» **Prompt**
Return the data below unchanged. Drop any pictures.

» **Information shown**
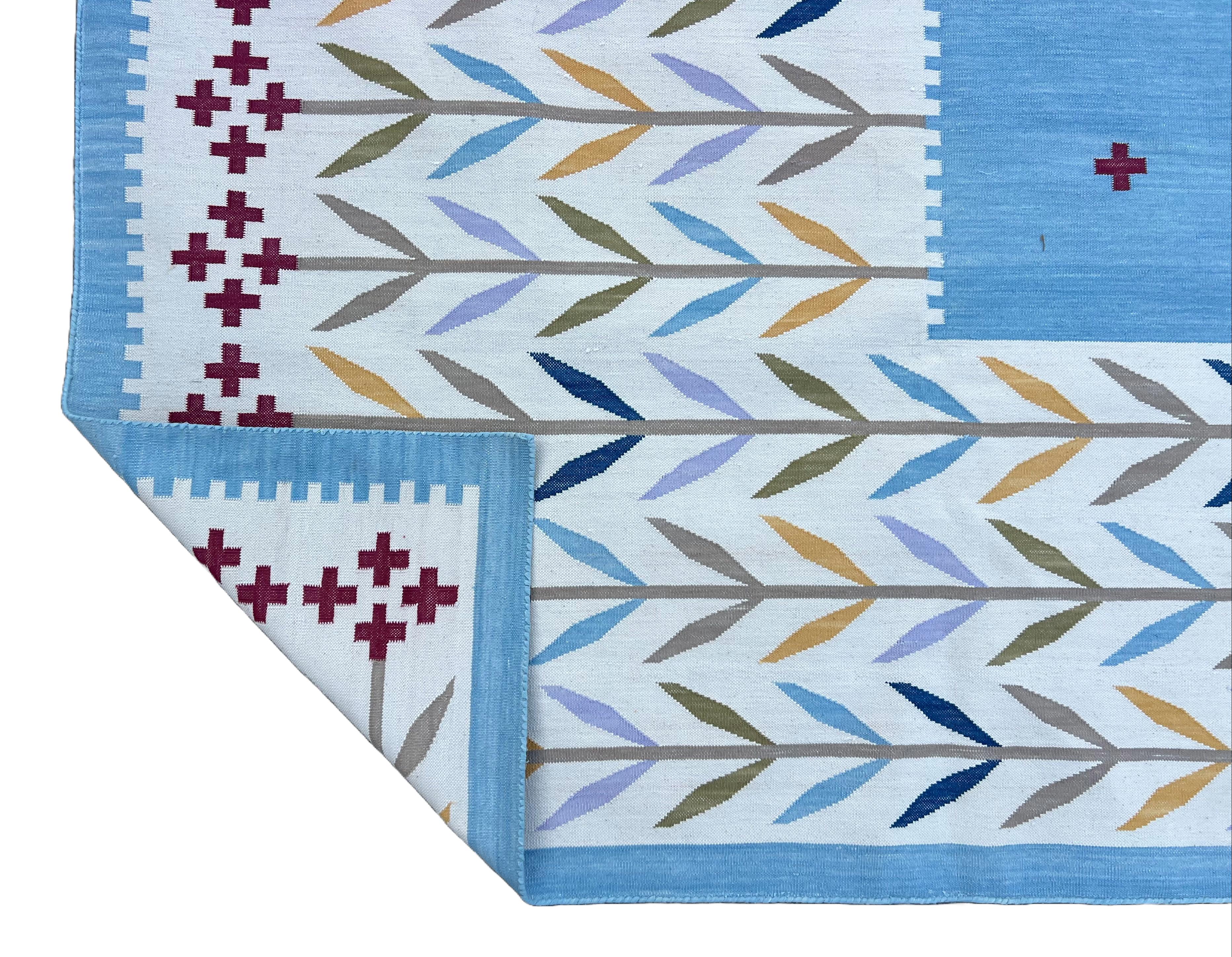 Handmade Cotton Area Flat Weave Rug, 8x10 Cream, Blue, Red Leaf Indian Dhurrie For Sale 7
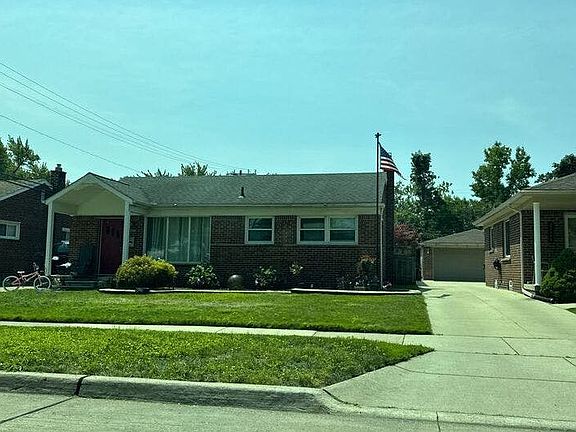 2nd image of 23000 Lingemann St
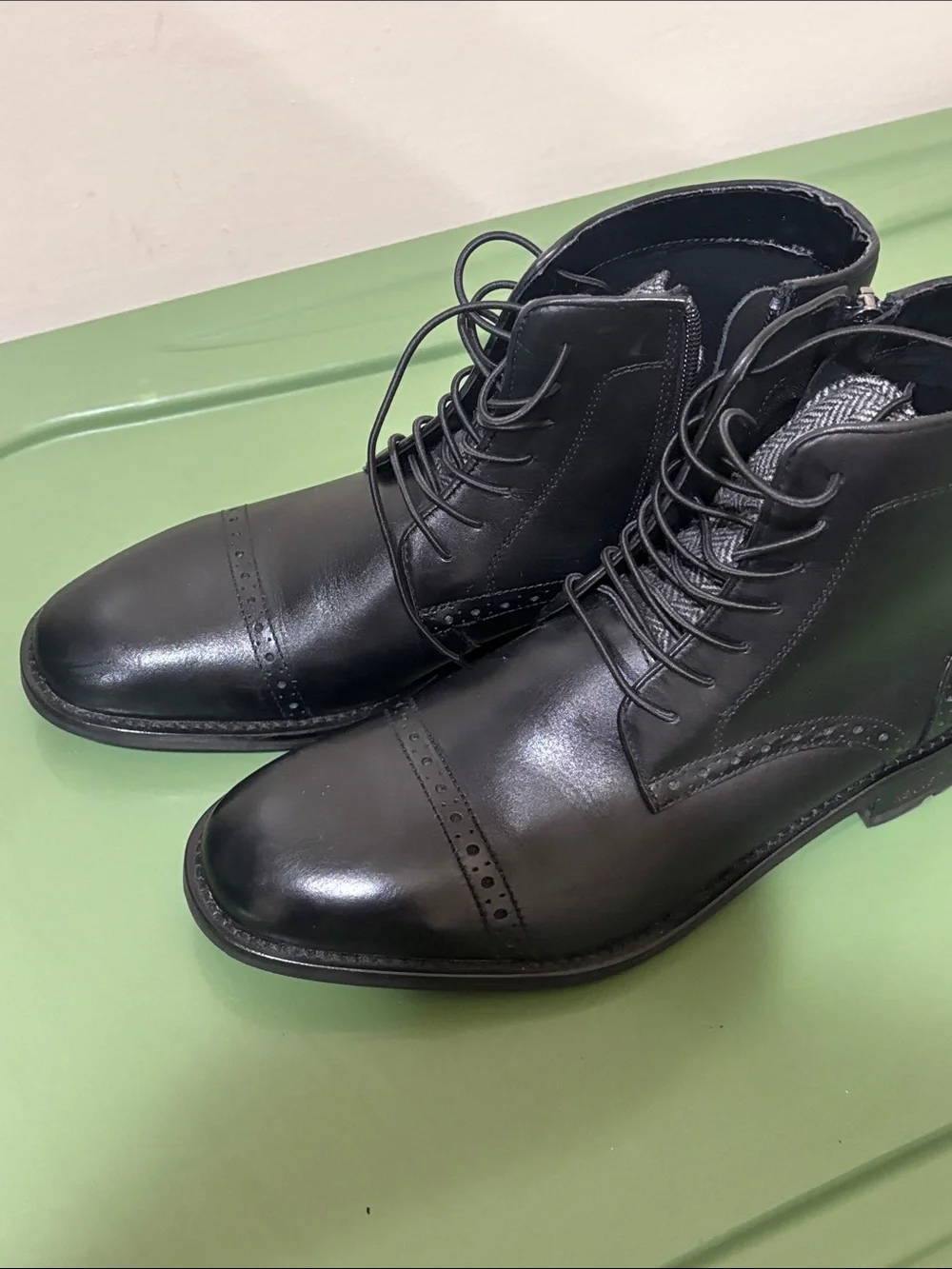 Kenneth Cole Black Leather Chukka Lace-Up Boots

» **Answer space**
 Handmade Cotton Area Flat Weave Rug, 8x10 Cream, Blue, Red Leaf Indian Dhurrie For Sale 7
 2nd image of 23000 Lingemann St
 Kenneth Cole Black Leather Chukka Lace-Up Boots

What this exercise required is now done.